Image-caption web data
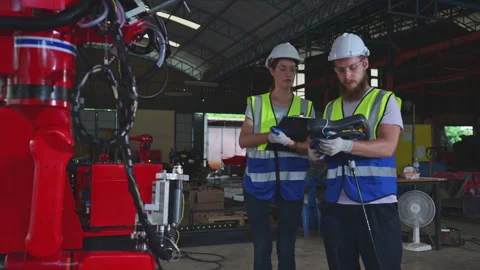 Both of engineers installing and testing a large robotic arm. Stock Footage 254548414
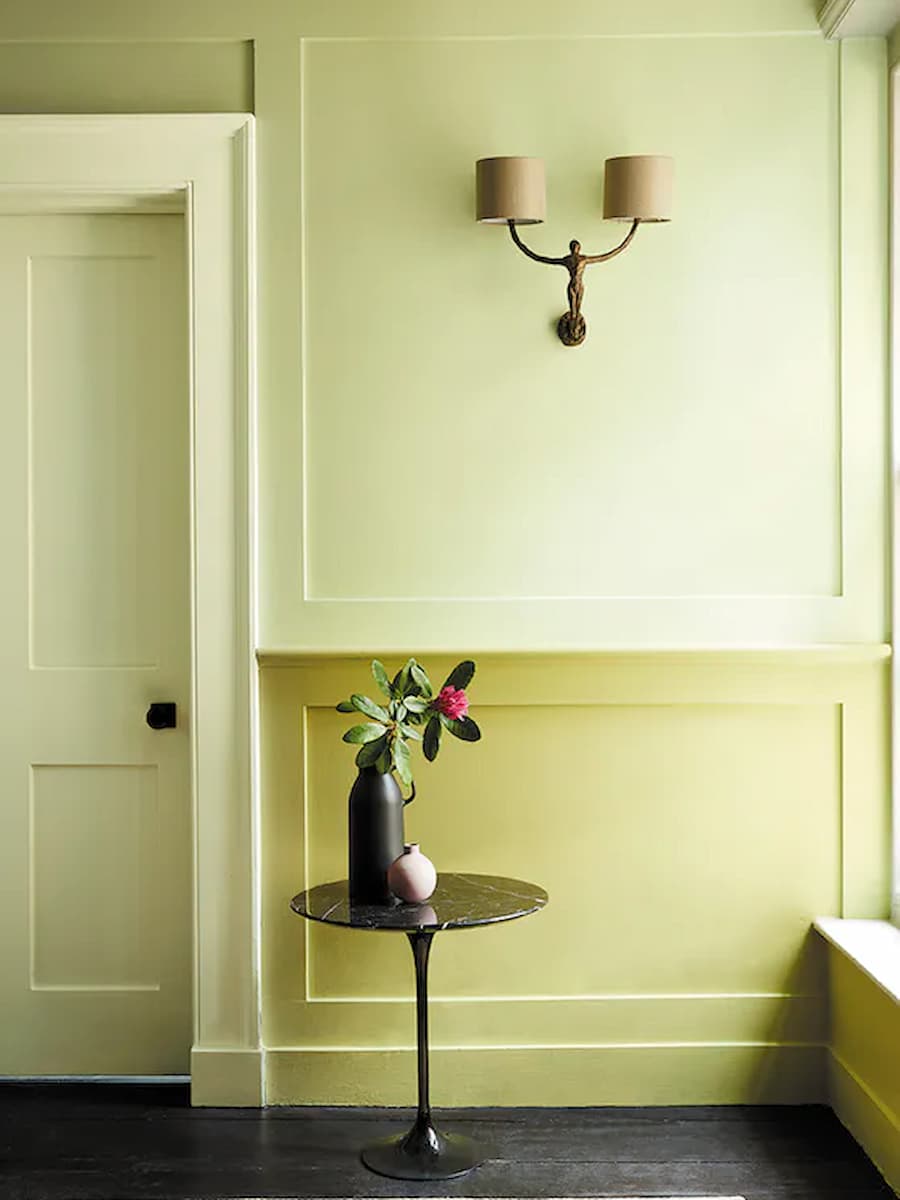 Wall painted in two different tones of a yellow/green tone using Little Greene paint. The top section of the wall is painted a lighter tone to the lower panelled section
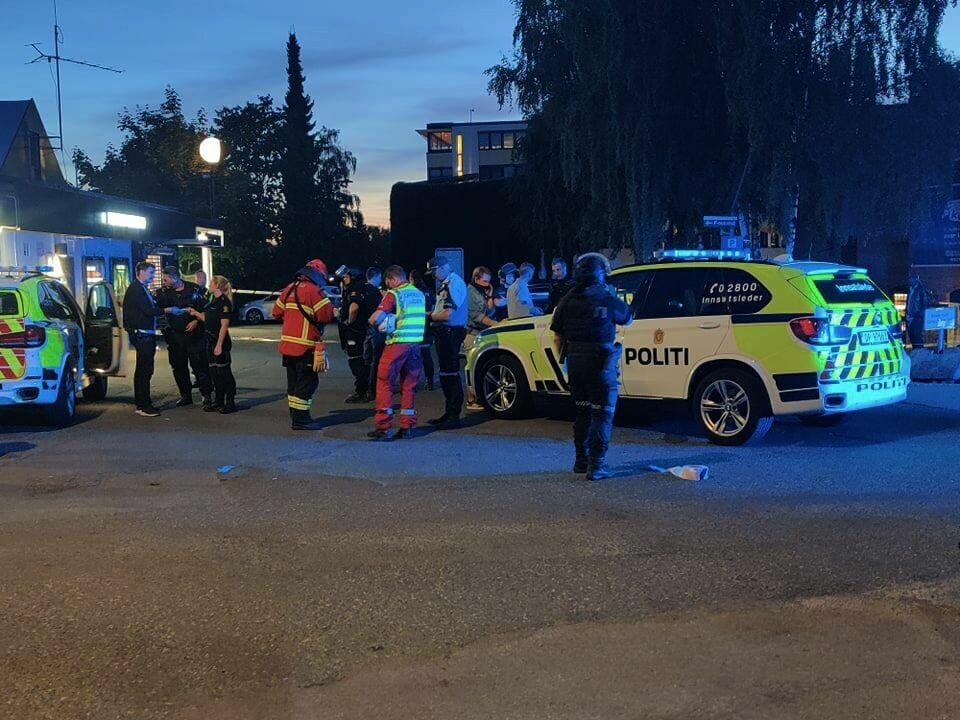 POLITI: Politiet bruker mye ressurser på å finne én eller flere gjernings-personer. Én person skal ha blitt skutt og er alvorlig skadd. Flere politi og brannmenn samlet rundt en politibil.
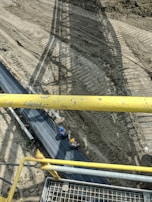 Two construction workers wearing safety helmets sit on a large conveyor belt system situated above a cleared dirt site. Shadows from the structure above create patterns on the ground. Yellow metal railings are visible in the foreground, indicating a viewing point or walkway above the belt.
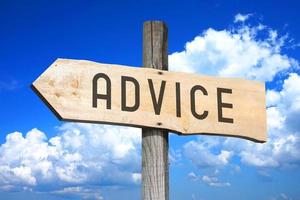 Advice - Wooden Signpost with one Arrow, Sky with Clouds in Background photo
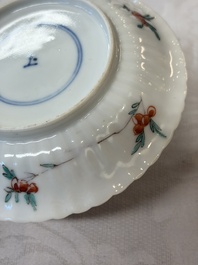 Four Chinese famille verte cups and seven saucers, 19th C.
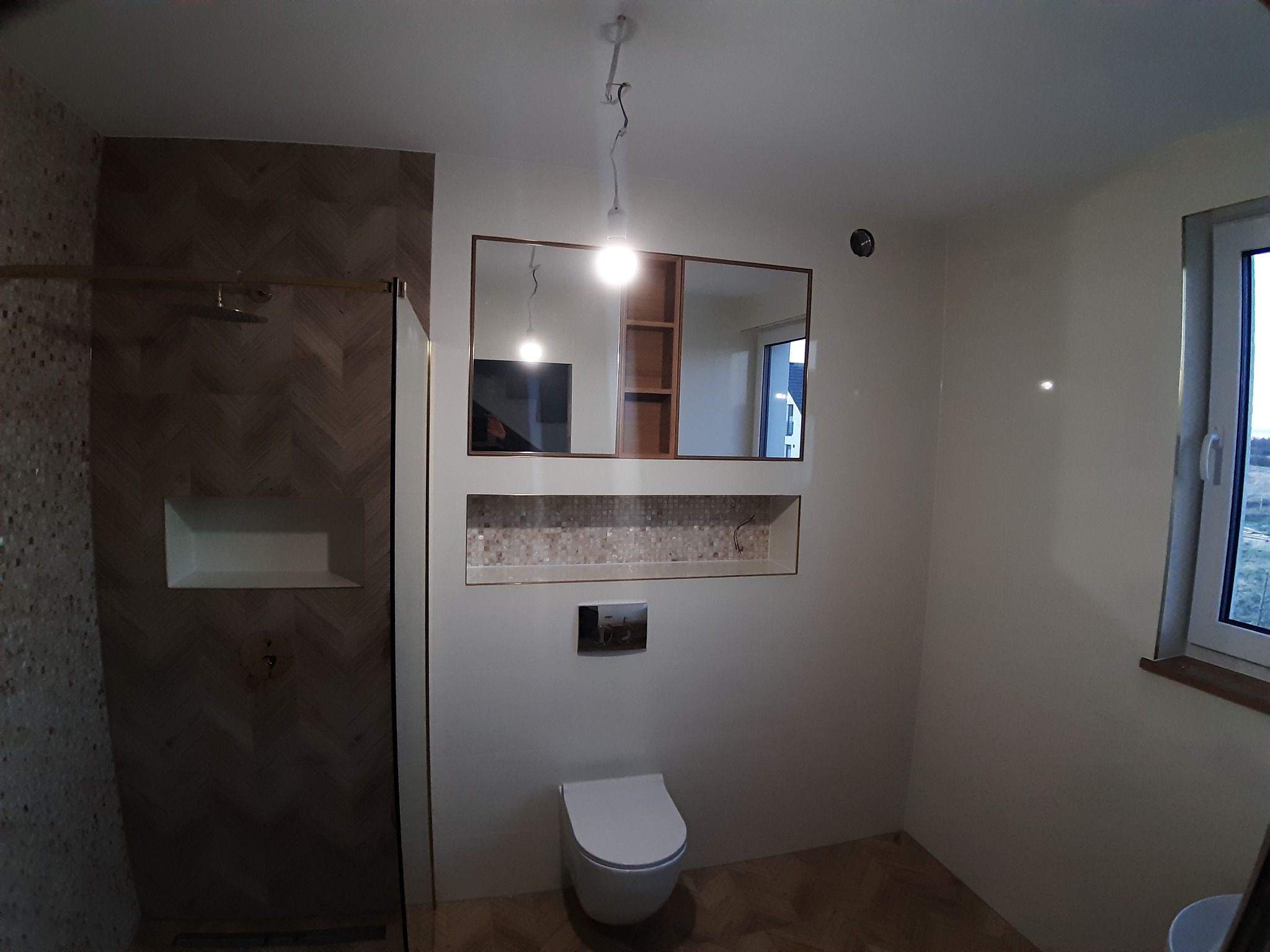 Wykończona łazienka w Bolszewie: kabina prysznicowa z wzorem jodełki, podwieszana toaleta, lustro z półkami, okno z widokiem na zewnątrz. Nowoczesny design.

■ TO DO:
Output every entry above exactly, minus the pictures.

■ TASK ANSWER:
 Both of engineers installing and testing a large robotic arm. Stock Footage 254548414
 Wall painted in two different tones of a yellow/green tone using Little Greene paint. The top section of the wall is painted a lighter tone to the lower panelled section
 POLITI: Politiet bruker mye ressurser på å finne én eller flere gjernings-personer. Én person skal ha blitt skutt og er alvorlig skadd. Flere politi og brannmenn samlet rundt en politibil.
 Two construction workers wearing safety helmets sit on a large conveyor belt system situated above a cleared dirt site. Shadows from the structure above create patterns on the ground. Yellow metal railings are visible in the foreground, indicating a viewing point or walkway above the belt.
 Advice - Wooden Signpost with one Arrow, Sky with Clouds in Background photo
 Four Chinese famille verte cups and seven saucers, 19th C.
 Wykończona łazienka w Bolszewie: kabina prysznicowa z wzorem jodełki, podwieszana toaleta, lustro z półkami, okno z widokiem na zewnątrz. Nowoczesny design.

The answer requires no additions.